14.5.09

You always know when a football game is on...

Actually, at first we often didn't. We would hear screams coming from our neighbors' apartments and we would think that masked gunmen had broken into several apartments at once... in neighboring buildings.

Then we would think again, turn on the television, and sure enough, there would be Maccabi Haifa battling HaPoal Tel Aviv... or Manchester United battling Chelsea, or Beitar Yerushalayim battling Maccabi Netanya. The screams are always loudest here in the Krayot when Maccabi Haifa is involved, but it doesn't really seem to matter who is playing-- most males in Israel over the age of 10 will be found clustered around TV screens whatever game is on, in falofel joints and coffee chops, shouting whenever a player has a near miss or a miraculous hit on the goal.

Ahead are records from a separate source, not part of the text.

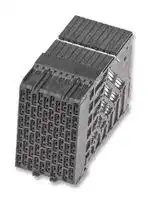 171400-1038: Connector, Impel 171400, 96 Contacts, 1.9 mm, Receptacle, Press Fit, 8 Rows
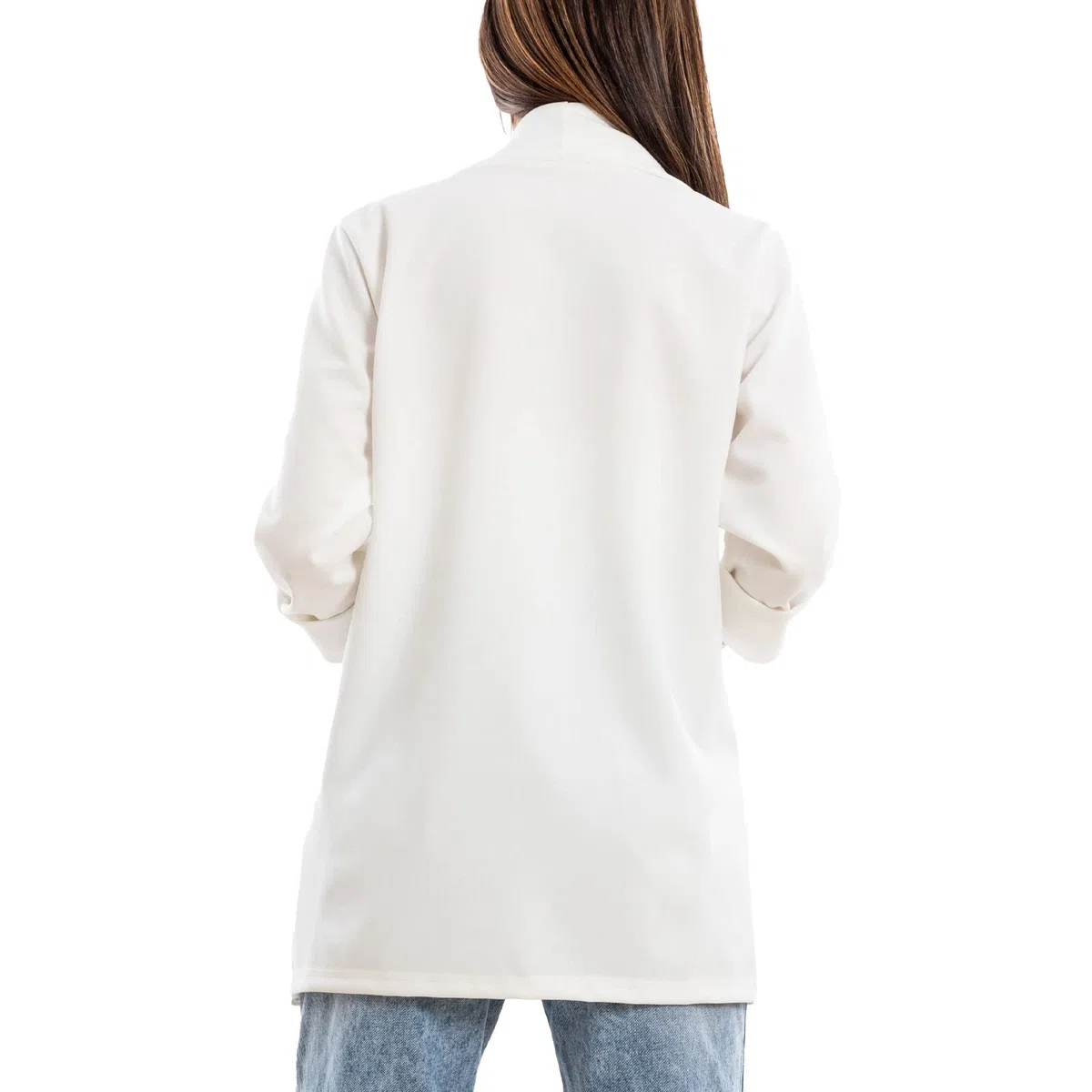 Toocool Blazer Donna Giacca Elegante Casual Basic Monopetto Primavera VI-80021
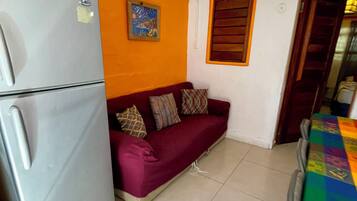 Familienapartment | Wohnbereich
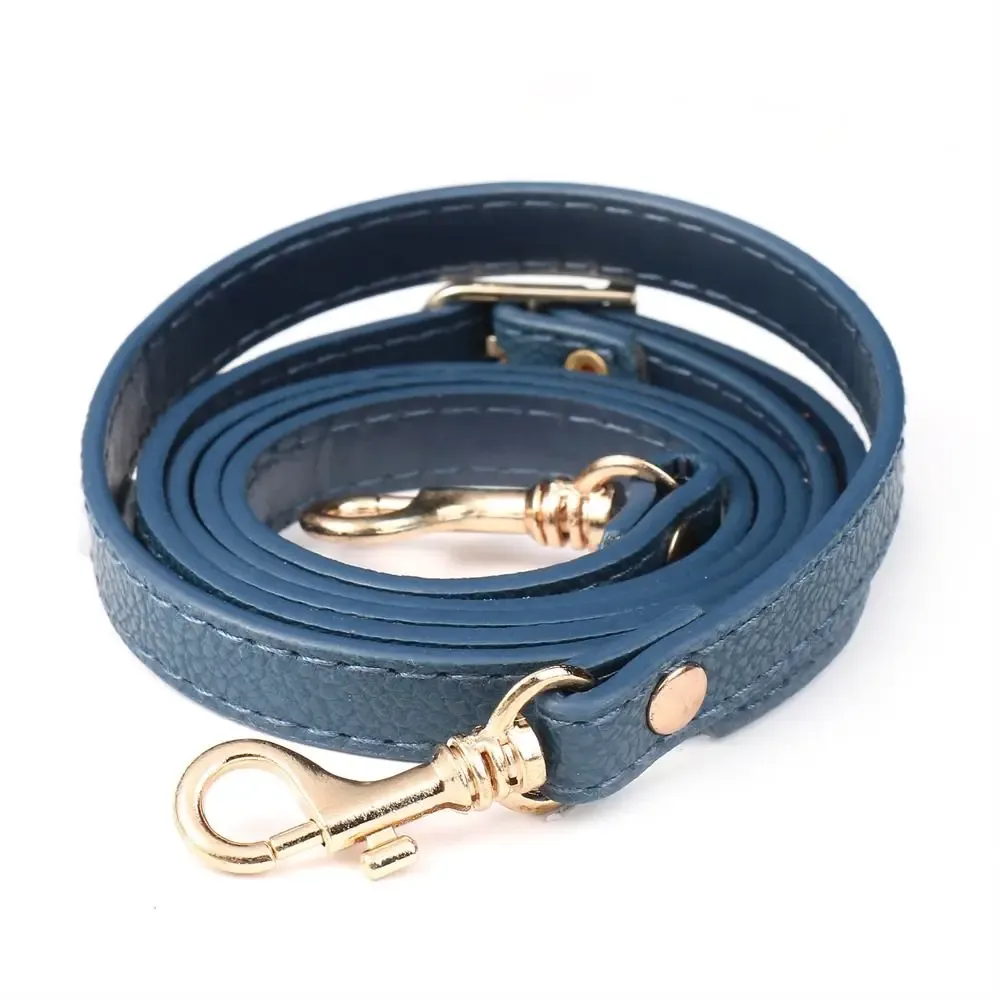 120cm bricolage femmes sac sangle de remplacement en cuir sac à bandoulière sangle sac ceinture sac à main poignée bandoulière sangle sac accessoires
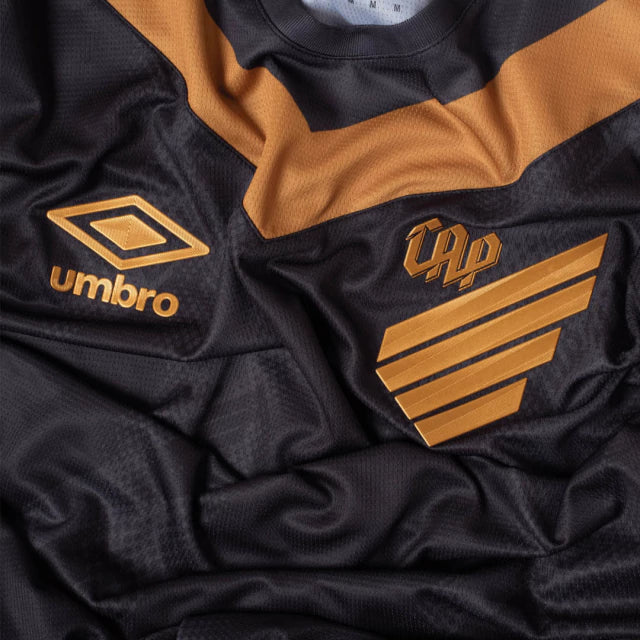 Camiseta Athletico 24-25 - Tercera Equipación Paranaense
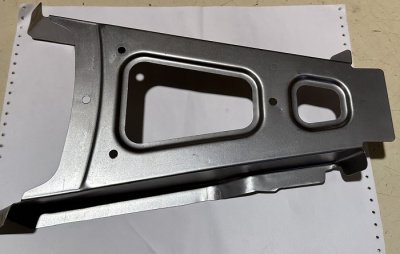 Распорка арки боковины Газель Next ЦМФ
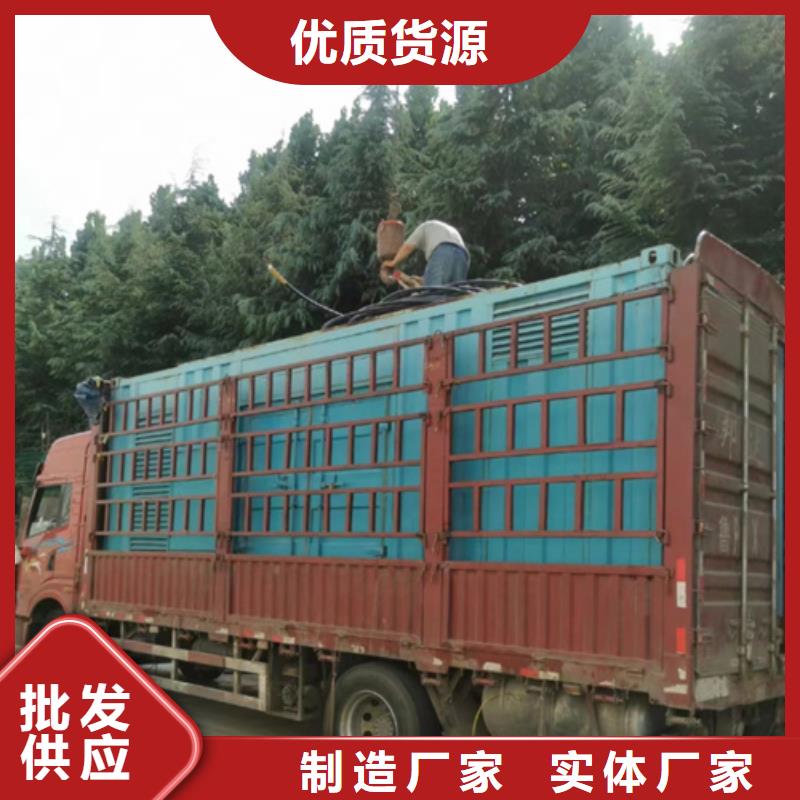五指山市租赁发电车可并机并网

By football, of course, I mean soccer-- cadur-regel, the world's sport that the US has somehow missed out on. We've actually watched games in the Mexican internal league, broadcast on TV with Hebrew commentary (barely masking the muffled Spanish voices beneath). We've watched an Israeli coach bring England's Chelsea team to the Champion's League Championship (kind of like the super bowl)-- and lose, and get sacked the next day, but it's still pretty incredible to watch an Israeli coach marshalling players from England, Spain, Senegal, Russia, what have you. While American football teams might draw players from as far away as Alabama AND Ohio, European football teams are mineature UN coalitions. This is the world's game.

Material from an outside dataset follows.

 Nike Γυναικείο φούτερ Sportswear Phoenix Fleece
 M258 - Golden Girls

I come from a football city in the US-- when our team won the Super Bowl a few years back, I tried to call someone on the phone and the lines were jammed. (The only other time that ever happened to me was after 9/11.) But still, while you might wear team jerseys in the street in my hometown, we never actually heard our neighbors shouting at their TVs... like so much else in this small country, communal experiences are more strongly shared here. In fact, so strongly that fans have actually been banned from their own team's games, collectively, for little transgressions like storming the field and stripping clothes off all of their own players and hoisting them through the air before the game is actually even over. (Seriously. No exaggeration whatsoever. This happened last spring, and they had to call the game.)

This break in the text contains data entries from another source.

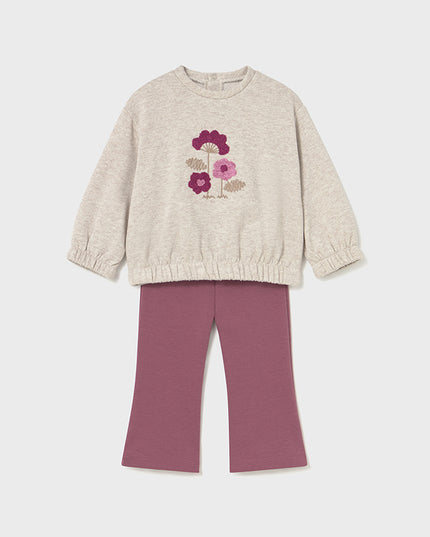compl.leggings pullover - 2740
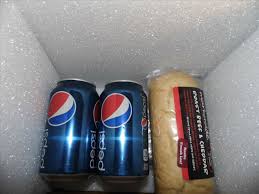 soda box soda cooler macgyverisms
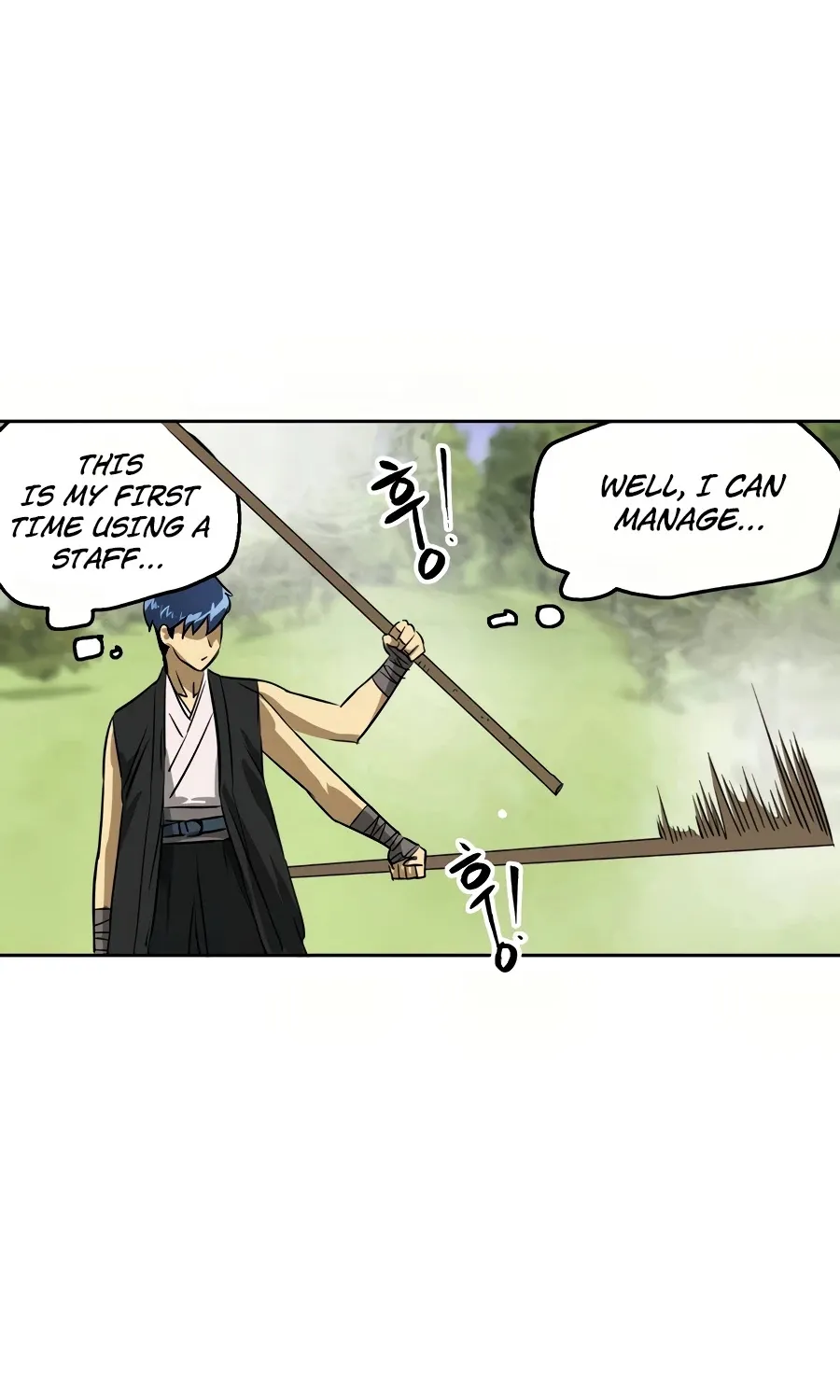 Infinite Leveling: Murim Mangakakalot X Chapter 69 Page 159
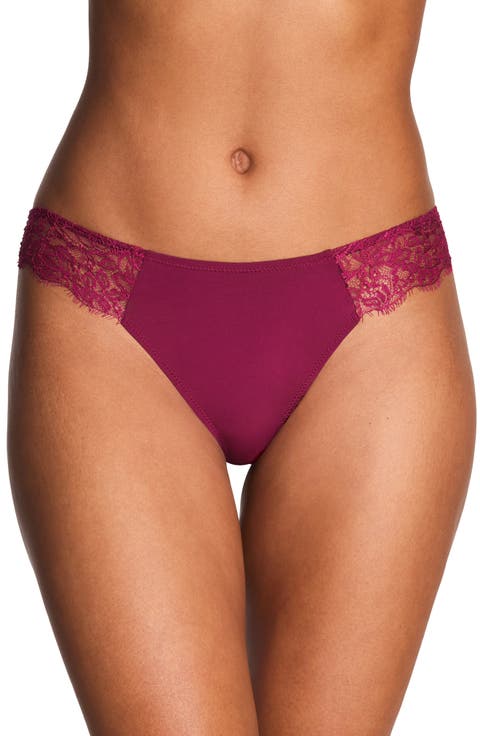 It's On Lace Thong
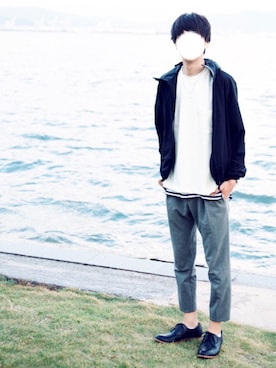 さとりさんのコーディネート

Last night, Maccabi Netanya played Maccabi Haifa in the Israeli premier league semi-finals, and it was a grueling game-- it went into double overtime and then penalty shots, in which players and goalies go one-on-one... and then into extra sudden-death penalty shots when the score was still tied. When Maccabi Haifa finally won, we muted our television-- it was about 11 PM on a school night-- and listened to the screaming coming from neighboring apartments.

Another current shared experience (maybe followed by a different demographic)-- Eurovision!! Israel's duet has made it into the finals!